The great part of function composition like this is that those hard-to-name intermediate values are out of our hair: the . solved our naming problem!

Remember that, in order to make OpenCV calls safe, we duplicate input before operating on the duplicate in-place. This means that the example composition is actually more like, cv f dup . cv g dup . cv h dup where dup clones the input value, and cv calls the OpenCV function, e.g. f, passing it the cloned value to be mutated in-place. What we can do instead is strike up a profitable conversation with the amazing programmable inliner GHC comes with to have this kind of computational pipeline rewritten to the moral equivalent of, cv (f.g.h) dup.

Et voila! We have a functional interface to OpenCV that pays a bare minimum in allocation to maintain purity. We can lift sub-expressions out of compound expressions and not have to worry about varying semantics.

So lets see about tamping down some constant factors of our processing code! The VideoFunhouse example application includes an effect that turns an image into a kind of blue print using four shades of blue, and thick edge tracing. This involves making quite a few passes over the input pixel data to threshold, mask, find edges, etc. On an older Core 2 Duo 2.33 GHz MacBook Pro, processing a 640x480 image takes 34.5 milliseconds (ms). Not bad? If we bump up the RTS's allocation size with +RTS -A8M to reflect that we're working with large-ish arrays (images), we knock that time down to 30.1ms. This is a dual core processor, so let's make sure GHC uses the cores with +RTS -N. This gets us to 27.7ms.

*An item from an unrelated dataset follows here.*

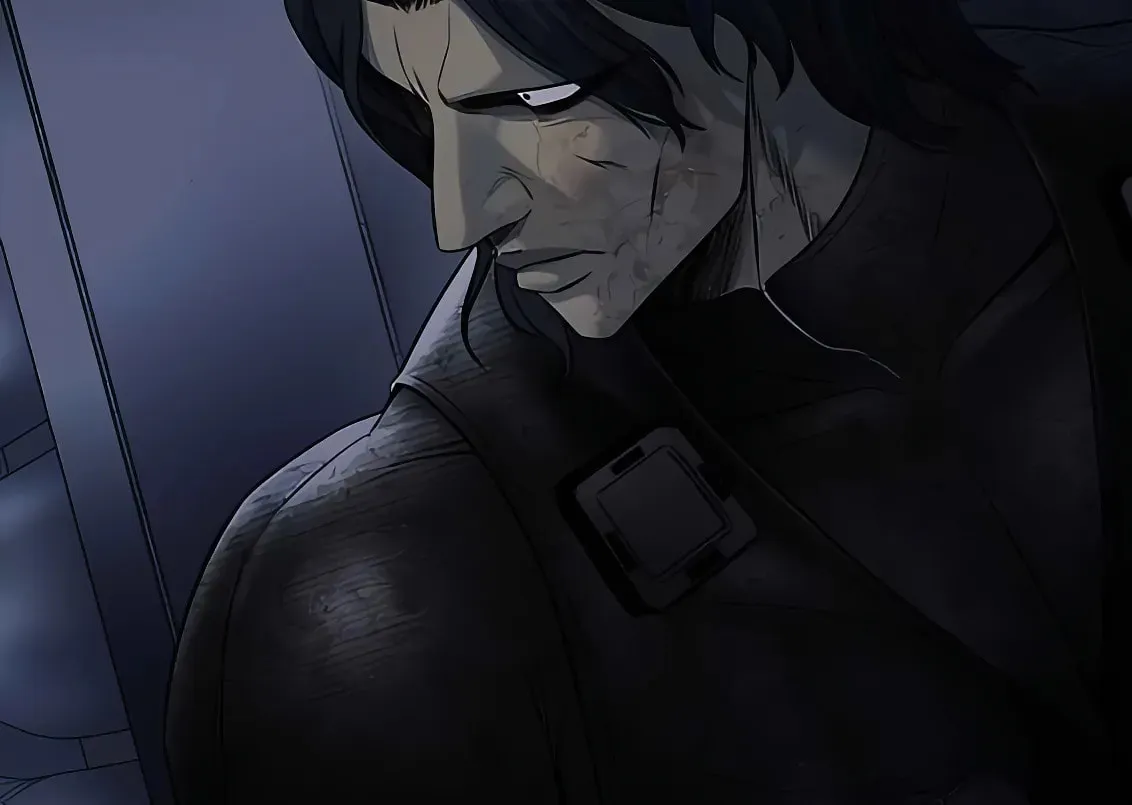 Read Dead Queen chapter 187 image 104 on Lezhin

Now we'll try out two different options, one at a time. If we enable the rewrite rules described above for fusing operation compositions for in-place updates, we get performance all the way down to 23.9 ms. Alternately, we can use Control.Parallel lightweight par and pseq annotations to suggest to the RTS that it evaluate the two main components of the image processing effect in parallel. This option moves us from 27.7ms down to 19.9ms.

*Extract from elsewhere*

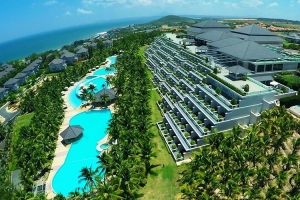 3N2Đ ở Sea Links Beach Phan Thiết + Tặng bữa trưa hoặc tối + Vé tham quan chỉ 2.299.000 đồng/khách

If we use par and the rewrite rules? 15.8ms per frame. This is more than twice as fast as where we started. We get a 21% improvement by mutating in-place whenever we're sure it is safe to do so. We are also getting a 34% speedup from the par annotations. The program used to measure the performance of these options using Criterion is here.

The example programs are browsable via the above links, but here is an example standalone program that runs Canny edge detection on a live webcam feed and shows the results in a window.

import AI.CV.OpenCV.HighCV

main = createCameraCapture (Just 0) >>= runWindow . fmap proc
  where proc = canny 70 110 3 . convertRGBToGray

I hope this library may be of some help to anyone interested in computer vision and Haskell. Moving forward, the biggest issue is how little of OpenCV is wrapped by this library, while the next only slightly smaller issue is that the code shows many obvious signs of having gone through several generations. The breadth of the OpenCV API will likely require automatically generated bindings, but making the Haskell side of the interface takes some thought, so I am not sure what the best way to reasonable API coverage is.